Así que ensayamos un paripé de dimensiones planetarias con El Aaiún de fondo. Aceptamos las resoluciones de la ONU pero hacemos lobby en la Unión Europea para sortear las sentencias desfavorables a los intereses marroquíes en ese flanco. Marruecos realiza concesiones a Israel que pueden afectar a Canarias y andamos de puntillas; intentando no hacer ruido pero, al mismo tiempo, esperando que no despierte el tigre dormido.
Marruecos, por lo demás, no es ya un reino bananero pero tampoco es una democracia plena: la falta de libertad de expresión que engola sin demasiadas críticas a los discursos oficiales; la utilización de sus propios habitantes como elemento de presión fronteriza contra nuestro país; las razzias de disidentes, de migrantes, de activistas y de periodistas, son tan frecuentes como lo era el paso de los ferries en la Operación Paso del Estrecho, que ya lleva dos años en suspenso. Con las fronteras de Ceuta y Melilla cerradas a cal y canto, con no menos de 3.500 marroquíes sin trabajar en las casas y en las tiendas de ambas ciudades, con el narcotráfico que no cesa aunque Marruecos esté legislando ahora para regular su uso terapéutico, con los encendidos discursos en espera de que el pragmatismo eche a andar al actual Gobierno, todo parece conducir a una nueva escalada de tensiones entre ambas orillas del Estrecho.
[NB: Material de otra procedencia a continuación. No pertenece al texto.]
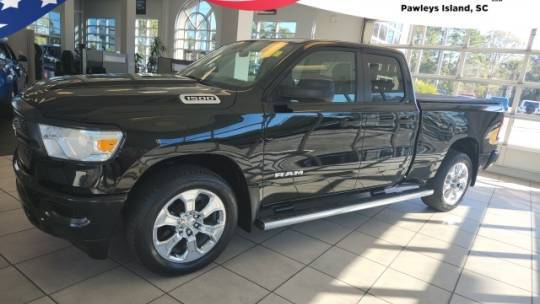 2020 Ram 1500 HFE — Pickup Truck — 62,692 mi — Pawleys Island, SC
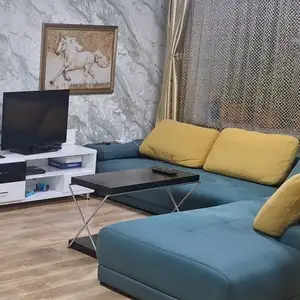 Арьсан буйдан, Улаанбаатар — Баянгол — 4-р хороо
Por no hablar de la xenofobia y del racismo crecientes a este lado del mundo; de la morofobia y la aporofobia que desprecian al vendedor de pinchitos y ensalzan, en cambio, al jeque del petróleo. La eterna sospecha sobre el vecino del sur, el desdén hacia sus instituciones y sus referentes. También nosotros tendríamos que hacérnoslo mirar.
Las fronteras de la tierra pueden ser difusas pero debiéramos intentar que no existieran, al menos, las inefables fronteras del corazón.
¿Qué es lo que puede salvarnos, nuevamente, de ese abismo? La mano abierta entre ambos pueblos. Esa larga cofradía de supervivientes que viene de los tiempos de cuando nos quitábamos las hambres juntos. Cuando ellos conservaban en sus callejuelas la música de Al Andalus y la lengua de Sefarad y nosotros les ofrecíamos algo más que un caballo para la guardia mora de Franco.
Ojalá que los intereses de Estado no enturbien las relaciones entre la gente corriente, entre aquellos que saben que más allá de dioses y de banderas, de la pompa diplomática y de los lujos palaciegos, los enemigos comunes son los mismos: un planeta que agoniza, un sistema económico que asfixia y una escala de valores que se empeña en convertir en enemigos a aquellos que debieran ser cómplices. Los de abajo, con yilaba, con melfa o con chandal, con fes, con sombrero cordobés o con canotier. ¿Cómo explicarles que aquellos que aquí defendemos un trato justo y legal para los saharauis, somos los que reclamamos un trato preferente para Marruecos dentro del marco de la Unión Europea? Las fronteras de la tierra pueden ser difusas pero debiéramos intentar que no existieran, al menos, las inefables fronteras del corazón. Inch Allah, dirían los marroquíes. Ojalá, diremos nosotros. También esa expresión de esperanza se la debemos.